◆ Your instructions ◆
The lines from the start of the records through the one containing "Sony a6300 sample" are to be transcribed exactly, and nothing else.

Dataset records
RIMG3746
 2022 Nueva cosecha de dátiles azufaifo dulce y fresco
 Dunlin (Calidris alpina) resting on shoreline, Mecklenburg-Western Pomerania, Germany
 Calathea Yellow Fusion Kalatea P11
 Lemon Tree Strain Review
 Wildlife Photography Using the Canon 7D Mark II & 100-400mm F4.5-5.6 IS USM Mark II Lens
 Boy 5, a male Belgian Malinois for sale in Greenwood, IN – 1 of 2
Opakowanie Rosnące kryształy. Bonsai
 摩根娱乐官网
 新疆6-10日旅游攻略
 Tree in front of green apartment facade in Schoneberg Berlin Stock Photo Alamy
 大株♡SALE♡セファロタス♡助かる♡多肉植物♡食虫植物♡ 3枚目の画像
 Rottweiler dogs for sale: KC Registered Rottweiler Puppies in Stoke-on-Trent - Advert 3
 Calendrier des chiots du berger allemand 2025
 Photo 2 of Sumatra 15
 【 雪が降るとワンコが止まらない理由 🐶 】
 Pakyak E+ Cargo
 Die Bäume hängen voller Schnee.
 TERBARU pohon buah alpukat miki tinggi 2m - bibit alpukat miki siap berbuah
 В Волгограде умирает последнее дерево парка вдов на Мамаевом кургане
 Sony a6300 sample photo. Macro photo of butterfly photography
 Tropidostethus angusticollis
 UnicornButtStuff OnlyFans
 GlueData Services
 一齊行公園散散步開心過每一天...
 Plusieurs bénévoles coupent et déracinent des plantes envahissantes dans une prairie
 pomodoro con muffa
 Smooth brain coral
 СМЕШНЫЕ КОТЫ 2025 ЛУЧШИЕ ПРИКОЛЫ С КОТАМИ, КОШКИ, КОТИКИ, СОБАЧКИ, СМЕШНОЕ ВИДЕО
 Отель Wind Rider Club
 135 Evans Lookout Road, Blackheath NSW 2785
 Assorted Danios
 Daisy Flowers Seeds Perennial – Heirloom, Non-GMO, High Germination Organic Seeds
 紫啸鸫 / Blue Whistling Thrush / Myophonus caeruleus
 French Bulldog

◆ Solution for this problem ◆
RIMG3746
 2022 Nueva cosecha de dátiles azufaifo dulce y fresco
 Dunlin (Calidris alpina) resting on shoreline, Mecklenburg-Western Pomerania, Germany
 Calathea Yellow Fusion Kalatea P11
 Lemon Tree Strain Review
 Wildlife Photography Using the Canon 7D Mark II & 100-400mm F4.5-5.6 IS USM Mark II Lens
 Boy 5, a male Belgian Malinois for sale in Greenwood, IN – 1 of 2
Opakowanie Rosnące kryształy. Bonsai
 摩根娱乐官网
 新疆6-10日旅游攻略
 Tree in front of green apartment facade in Schoneberg Berlin Stock Photo Alamy
 大株♡SALE♡セファロタス♡助かる♡多肉植物♡食虫植物♡ 3枚目の画像
 Rottweiler dogs for sale: KC Registered Rottweiler Puppies in Stoke-on-Trent - Advert 3
 Calendrier des chiots du berger allemand 2025
 Photo 2 of Sumatra 15
 【 雪が降るとワンコが止まらない理由 🐶 】
 Pakyak E+ Cargo
 Die Bäume hängen voller Schnee.
 TERBARU pohon buah alpukat miki tinggi 2m - bibit alpukat miki siap berbuah
 В Волгограде умирает последнее дерево парка вдов на Мамаевом кургане
 Sony a6300 sample photo. Macro photo of butterfly photography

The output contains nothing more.